● WHAT YOU SHOULD DO: Every line from the one with "Soke Yasumoto holding an attacker in a choke" to the end of the listing, and nothing else, is to be printed exactly; please leave the pictures out.

● STORED DATA:
□ □ □ □ □

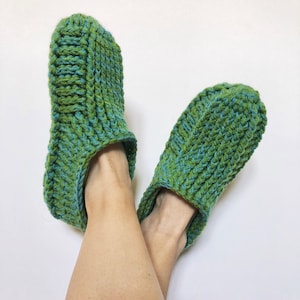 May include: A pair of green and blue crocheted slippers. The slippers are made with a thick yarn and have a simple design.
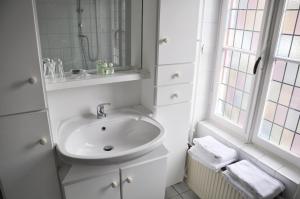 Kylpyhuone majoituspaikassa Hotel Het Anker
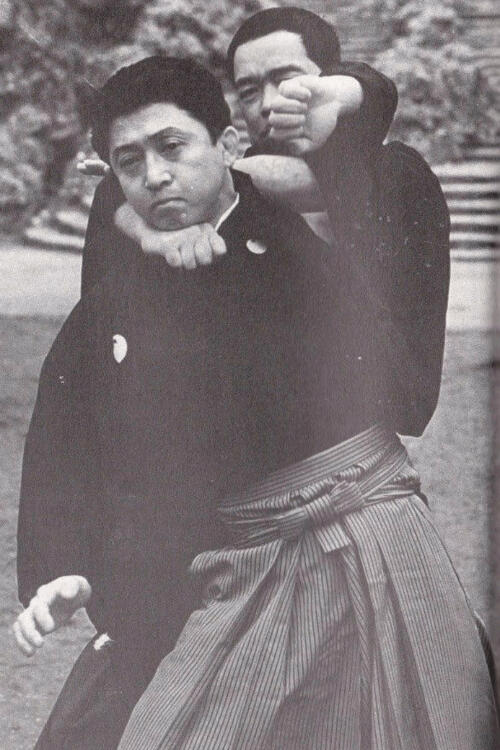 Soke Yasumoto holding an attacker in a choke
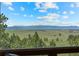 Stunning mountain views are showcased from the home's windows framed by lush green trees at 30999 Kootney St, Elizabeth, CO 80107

□ □ □ □ □

● EXERCISE SOLUTION:
 Soke Yasumoto holding an attacker in a choke
 Stunning mountain views are showcased from the home's windows framed by lush green trees at 30999 Kootney St, Elizabeth, CO 80107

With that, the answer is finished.